Psycho Investigateur
Benoît Dahan et Erwan Courbier (Editions Physalis, 2013)
Simon Radius est un psycho investigateur : grâce à une méthode hypnotique, il accède à l’inconscient des patients venant le trouver, puis voyage littéralement dans leurs souvenirs et leurs traumatismes. Appelé pour résoudre des enquêtes grâce à ce don particulier, qui permet de retrouver les coupables mémorisés par les victimes, Simon, sorte de sage innocent, n’en est pas moins tourmenté, jalousé et critiqué. Qu’importe, l’honnêteté et la justice lui tiennent à cœur, quitte à prendre des risques dans ce monde matériel et dans celui de l’esprit également. Une drôle de balade inventive, drôle, dynamique et profonde nous est proposée par ces deux auteurs complices. Ce ne sont pas les personnages caractériels qui manquent, ni l’humour, autour d’un récit dont le fil rouge est celui de la recherche affective. Le graphisme est en osmose avec le sujet, proposant des pages éclatées : le personnage de Simon plongeant visuellement dans les souvenirs est une belle trouvaille. Il s’agit là d’une BD rare et de caractère, traitant d’un sujet moderne dont le ton enjoué la rend abordable pour le grand nombre.
Babylone
Zezelj (Mosquito, 2013)
Voici une œuvre originale et de caractère. On peut vraiment parler d’une BD qui peut se lire et se parcourir comme un tableau de peintre, qui se comprend avant tout en contemplant les cases. Zezelj propose une histoire muette, sans bulles, dans un décor de ville gigantesque qui se voue à un projet de construire une tour aux allures de Babel.

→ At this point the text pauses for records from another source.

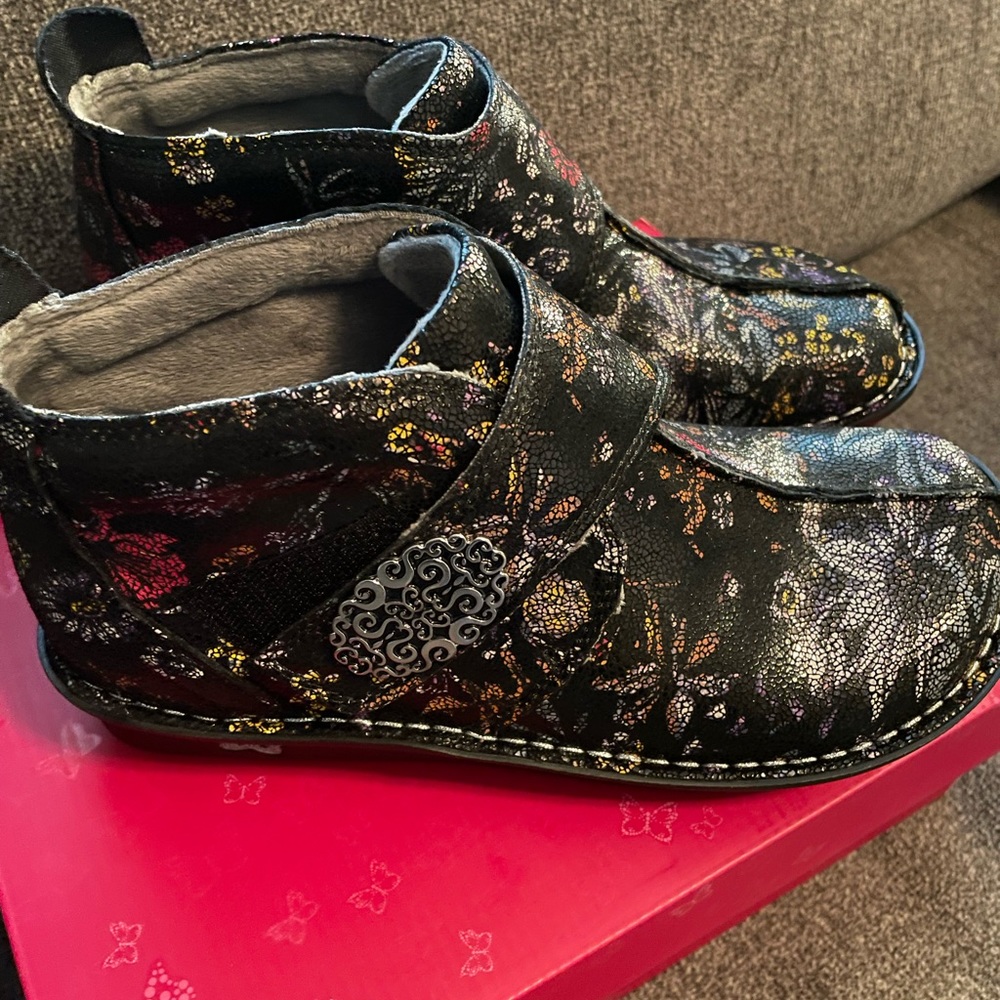 Algeria Caiti Bootie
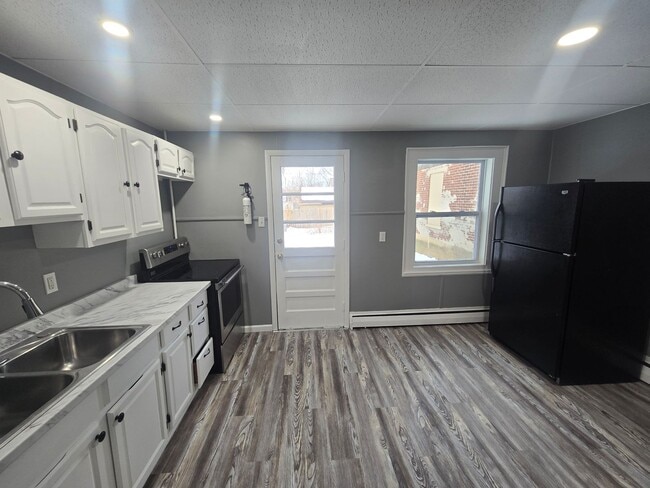 Building Photo - 56 W Garrison St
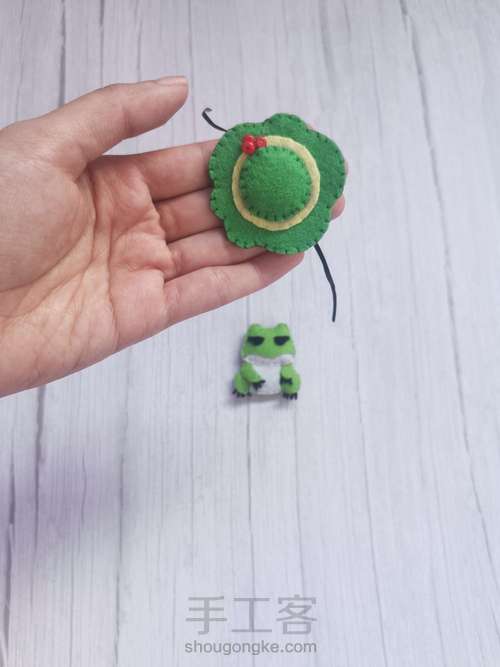 风靡一时的旅行青蛙钥匙圈挂件 第17步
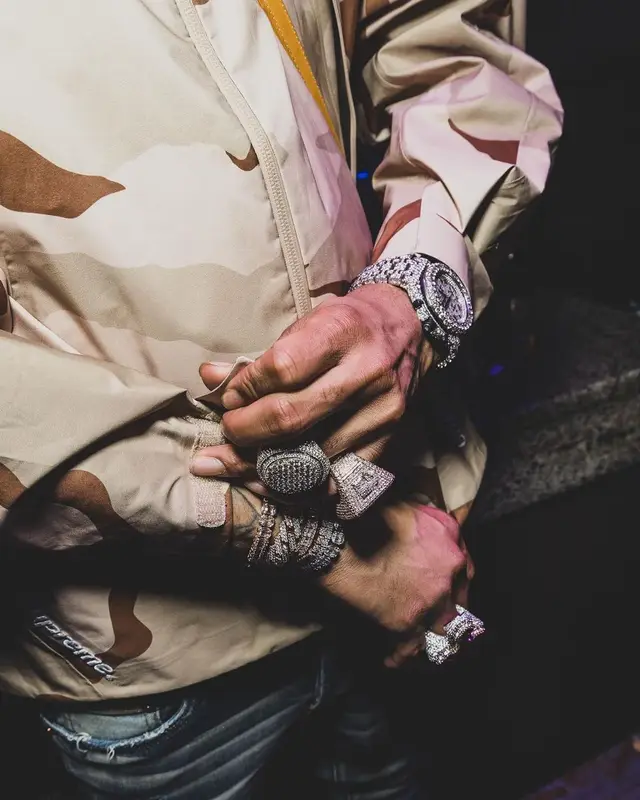 Lil Migo outfit in Supreme, Goyard, and Balenciaga, 2022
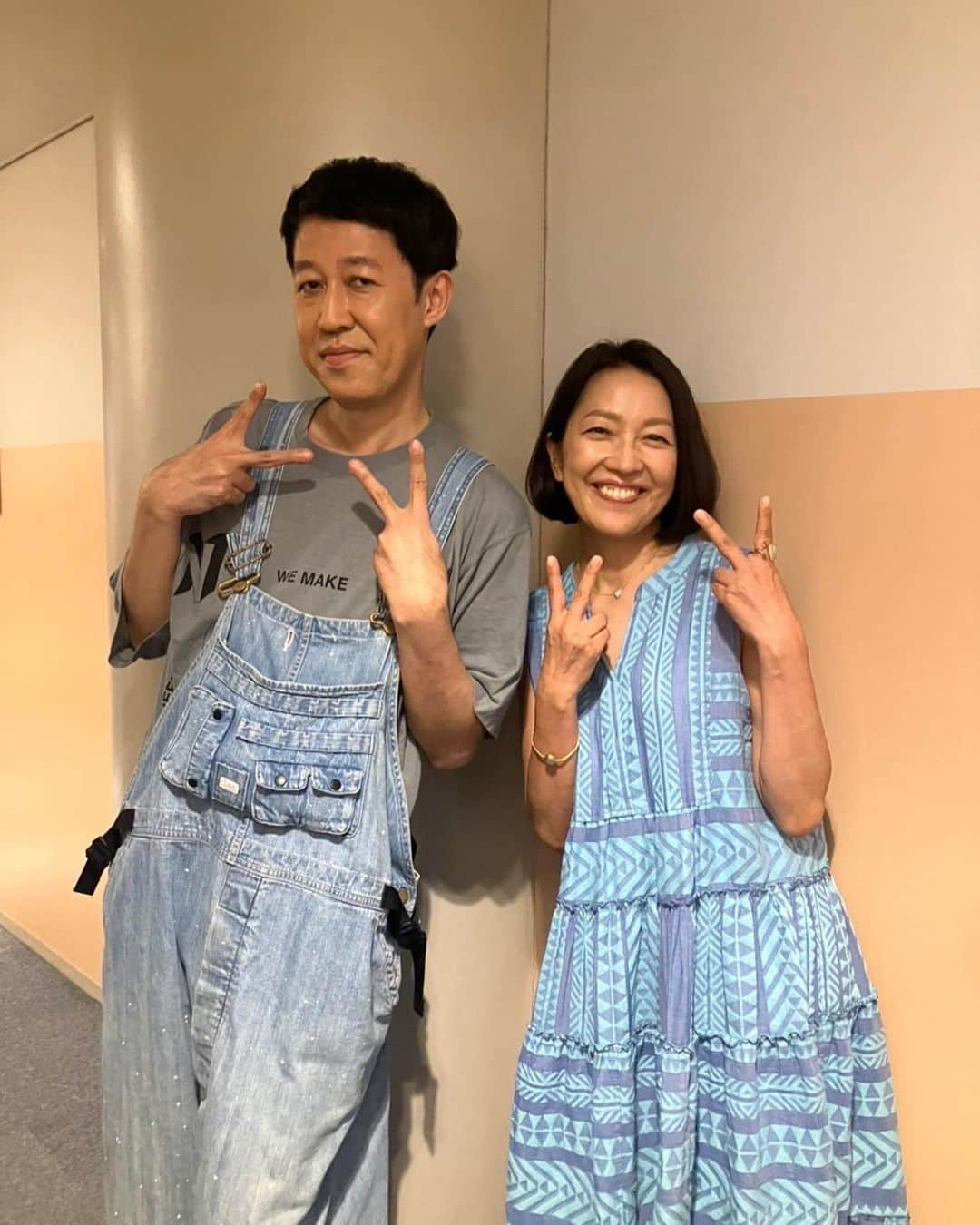 羽田美智子さんのインスタグラム写真 - (羽田美智子Instagram)「来週8/16(水)18:25から テレビ東京『ソレダメ!〜あなたの常識は非常識!?〜』放送になります。  私の一推し！ スーパーマーケットブランデさんの特集です🛒  この日、、 何年ぶりなのでしょう、、⁉️ ドラマ『女王の教室』で 娘役だった志田未来ちゃんと懐かしい再会💞 あの時小学生だった可愛い面影そのままにしっかり美しい大人の女性になってて、、なんだか感慨深いものがありました🥹  可愛い❤️  そして小籔さんとは 食の好みが似てて、、 勝手に親近感✨✨ ご一緒させていただくとホッとできる優しい方です❣️  自慢の簡単料理も作らせてもらいました🍳  良かったら 是非見てくださいね！  台風がとても心配なお盆シーズンになりそうですが、、 安全で楽しい夏休みになることを祈っています✨✨  #tremezzo_womens #Devotion TWINS」8月11日 17時34分 - michikohada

Cette œuvre baroque est servie par un dessin puissant en noir et blanc, qui peut faire penser au pochoir par son jeu du noir et blanc, et par un découpage cinématographique prononcé, jouant avec les zooms, les masses, les plans serrés ou larges. Contrairement à ce que l’on pourrait penser, le livre pourrait plaire même aux personnes ne lisant pas de BD en général car l’essentiel est d’accepter de se plonger dans les images et de suivre le fil narratif qui propose un voyage parlant autant à l’intuition qu’à l’intellect. L’autre avantage est qu’il est difficile de se lasser : les nouvelles lectures exerçant de nouvelles façons de comprendre l’histoire. Les amateurs d’expériences graphiques et artistiques seront ravis.
Chroniques BD #1
Les aventuriers du dimanche, Jean-Philippe Boudart
(Manolosanctis, 2010)
Une bande dessinée simple et lumineuse qui a fait son petit chemin et s’est développée sur le net grâce à son auteur, sous le pseudonyme Toundra dans un premier temps, et avec le soutien du public de plus en plus nombreux et fidèle à ces aventuriers amateurs. Le plus remarquable, particulièrement en des temps où la morbidité atteint des pics rococo, est que cette histoire sent bon l’amitié, un esprit fraternel entre une communauté de « rôlistes » un peu bras cassés sur les bords. Le fil narratif installe une sorte de rêverie éveillée où l’aventure commence précisément lorsque nos irréductibles se perdent ! On peut donc sans problème investir dans cet album, même sans être un accro du monde fantasy/donjon, d’autant plus que le graphisme de caractère renforce cette ambiance universelle et chaleureuse, allant au-delà du premier degré, de la parodie ou de l’hommage.La galerie de personnages brasse sans complexe le réalisme, la BD naïve ou encore le dessin animé (Barbaroxe est une sorte d’Heidi encapuchonnée sous acide), le tout servi par des couleurs chatoyantes évoquant le printemps et l’automne à la fois. En attendant la suite !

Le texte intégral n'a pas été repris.